Scaled Bregman divergences in a Tsallis scenario

TL;DR

This paper explores the relationship between two versions of Kullback-Leibler divergence in Tsallis statistics, showing that one can be viewed as a scaled Bregman divergence, which unifies them.

Contribution

It establishes a condition for the consistency of generalized K-L divergences in Tsallis statistics and reveals that the dual form is a scaled Bregman divergence.

Findings

Dual generalized K-L divergence is a scaled Bregman divergence.

Dual generalized mutual information is a scaled Bregman information.

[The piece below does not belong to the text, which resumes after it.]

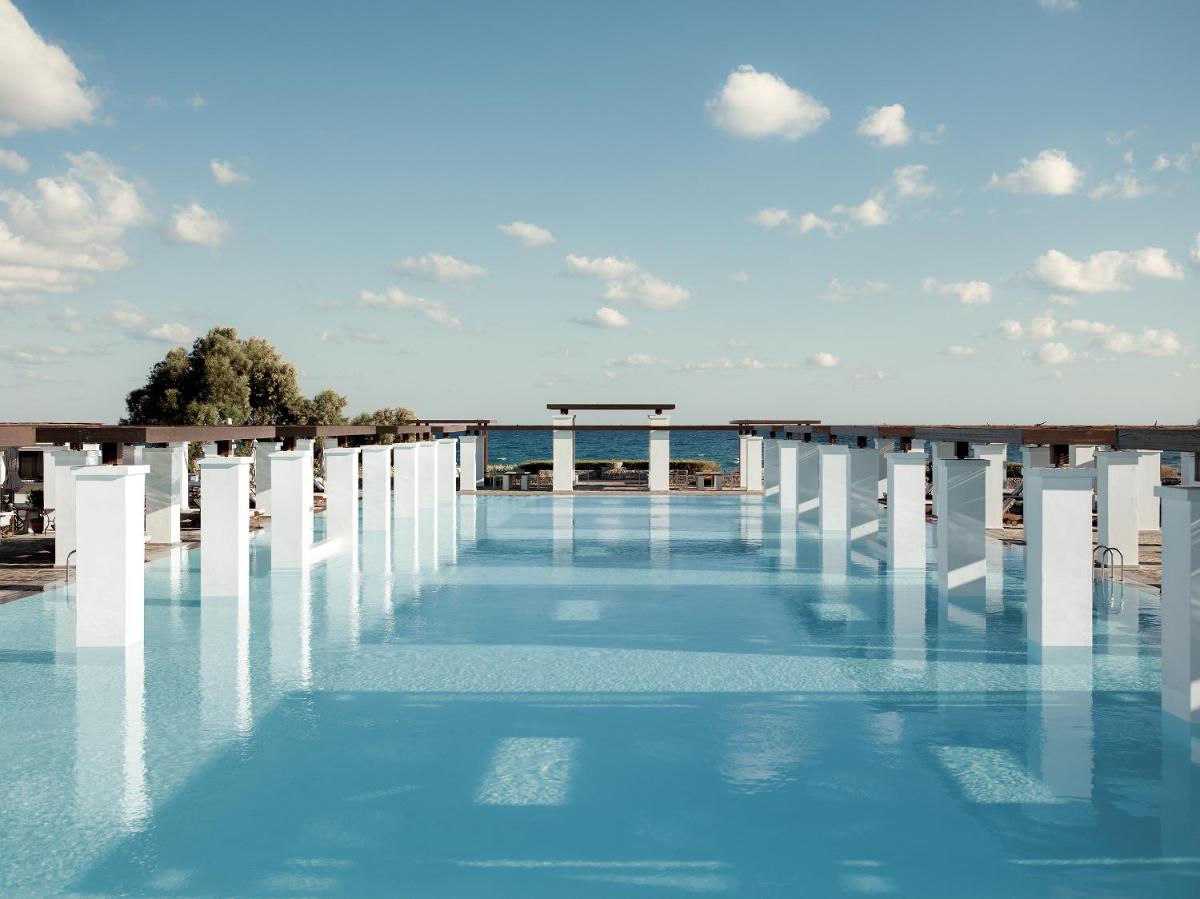 Amirandes, A Resort to Live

Conditions for consistency between generalized K-L divergences are derived.

Abstract

There exist two different versions of the Kullback-Leibler divergence (K-Ld) in Tsallis statistics, namely the usual generalized K-Ld and the generalized Bregman K-Ld. Problems have been encountered in trying to reconcile them. A condition for consistency between these two generalized K-Ld-forms by recourse to the additive duality of Tsallis statistics is derived. It is also shown that the usual generalized K-Ld subjected to this additive duality, known as the dual generalized K-Ld, is a scaled Bregman divergence. This leads to an interesting conclusion: the dual generalized mutual information is a scaled Bregman information. The utility and implications of these results are discussed.